= Work to complete =
In the records that follow, find each line with "Image" and pull it out.

= Source records =

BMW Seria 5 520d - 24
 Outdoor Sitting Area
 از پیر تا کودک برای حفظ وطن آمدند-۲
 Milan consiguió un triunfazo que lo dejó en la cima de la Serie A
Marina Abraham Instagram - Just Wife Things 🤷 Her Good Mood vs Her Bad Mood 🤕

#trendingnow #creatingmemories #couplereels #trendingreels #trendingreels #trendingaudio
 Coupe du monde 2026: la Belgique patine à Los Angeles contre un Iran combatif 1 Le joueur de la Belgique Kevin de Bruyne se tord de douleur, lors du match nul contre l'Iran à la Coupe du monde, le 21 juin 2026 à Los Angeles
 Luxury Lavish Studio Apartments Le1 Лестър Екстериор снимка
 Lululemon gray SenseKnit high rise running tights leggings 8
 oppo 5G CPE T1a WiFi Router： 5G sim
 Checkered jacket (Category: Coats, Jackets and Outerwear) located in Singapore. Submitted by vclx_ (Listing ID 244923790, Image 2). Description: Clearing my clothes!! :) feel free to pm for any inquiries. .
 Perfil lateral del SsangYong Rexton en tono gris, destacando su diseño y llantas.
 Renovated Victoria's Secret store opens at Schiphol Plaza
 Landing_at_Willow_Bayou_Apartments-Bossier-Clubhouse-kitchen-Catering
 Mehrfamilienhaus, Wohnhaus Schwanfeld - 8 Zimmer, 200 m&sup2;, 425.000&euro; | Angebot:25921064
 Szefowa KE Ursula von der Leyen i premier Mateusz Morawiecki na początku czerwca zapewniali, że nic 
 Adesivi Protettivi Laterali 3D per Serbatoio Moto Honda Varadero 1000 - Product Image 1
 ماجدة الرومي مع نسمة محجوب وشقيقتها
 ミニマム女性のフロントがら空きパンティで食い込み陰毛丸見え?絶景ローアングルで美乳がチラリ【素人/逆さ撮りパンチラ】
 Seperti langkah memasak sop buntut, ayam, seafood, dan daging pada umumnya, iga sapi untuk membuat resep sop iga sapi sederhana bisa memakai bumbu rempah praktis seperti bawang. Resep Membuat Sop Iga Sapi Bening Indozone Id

= Written answer =
 Checkered jacket (Category: Coats, Jackets and Outerwear) located in Singapore. Submitted by vclx_ (Listing ID 244923790, Image 2). Description: Clearing my clothes!! :) feel free to pm for any inquiries. .
 Adesivi Protettivi Laterali 3D per Serbatoio Moto Honda Varadero 1000 - Product Image 1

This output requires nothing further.